Close-Reading Passage 3: Cat On a Hot Tin Roof

"We drank together that night all night . . . I said, 'SKIPPER! STOP LOVIN' MY HUSBAND OR TELL HIM HE'S GOT TO LET YOU ADMIT IT TO HIM!' . . . HE SLAPPED ME HARD ON THE MOUTH! . . . When I came to his room that night, with a little scratch like a sly little mouse at his door, he made that pitiful, ineffectual little attempt to prove that what I had said wasn't true . . . In this way, I destroyed him . . . (Williams 60)"



     Tennessee Williams crafts this passage with vividly to give off just the right tone desired. Through use of descriptive diction and common writing traditions, the reader is presented with an awkward and sort of "small" tone. Williams does this intentionally as to make the reader feel just as embarrassed and shocked as the character in her described scenario. Williams uses his language to manipulate the tone to a sense of defeat and realization of the "manly" figure's real past.
     Williams, in crafting this passage, adjoins two different tones in an easily identifiable shift. The beginning of the passage is in all capital letters, as to signal the common tradition of someone shouting in the text. As the passage progresses, the author not only switches back to natural text but also uses small, sympathetic and defeated diction to bring the tone from extremely loud to an awkward, tense kind of softness. The author crafts this through the use of powerfully descriptive diction such as, "pitiful," "ineffectual," and "destroyed." At the conclusion of this passage the reader has traveled from a loud-mouthed description to an awkward blanket of quiet, covering the conversation.

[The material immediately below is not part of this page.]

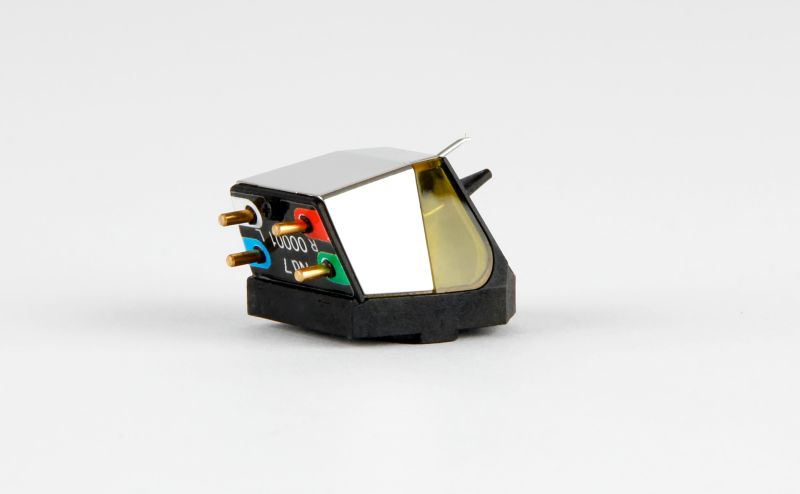 The Nd7 from the rear three-quarter, four gold output pins with colour-coded tag wires and the printed body label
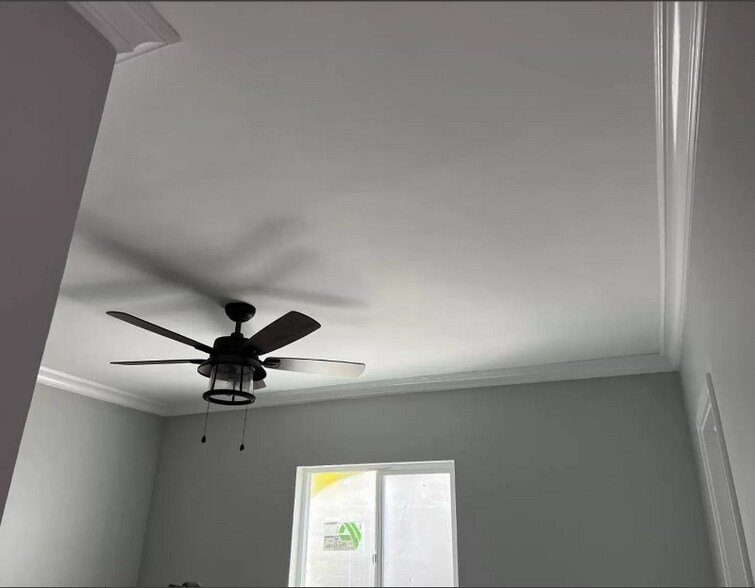 Building Photo - 4214 Lois St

     Williams not only experiments with the diction to shape his tone, but also manipulates the syntax and adds in some literary devices. In the passage, the speaker says that she and the other character involved "drank together all night that night", and the intentionally poor syntax proves it. The words are arranged together in a way so repetitive and nonsensical that it sounds like something a child would say. The author embeds this in the passage with an intent of creating a kind of curious sense of doubt, making the reader question whether they should take this information seriously or not. Also, in addition to the small language mentioned previously, the author uses to simile to describe Skipper as "a sly little mouse". It adds to the small tone as does using the hyperbole "destroyed him."
     Through this vivid diction and carefully-arranged syntax, author Tennessee Williams crafts a passage with a small and awkward tone that some would question whether or not to take seriously in relation to the rest of the play. Williams might have also intentionally done this writer's trick to keep the sense of mystery afloat, as he likes to do in all of his works. However, there is little mystery involved in recognizing William's writing skills.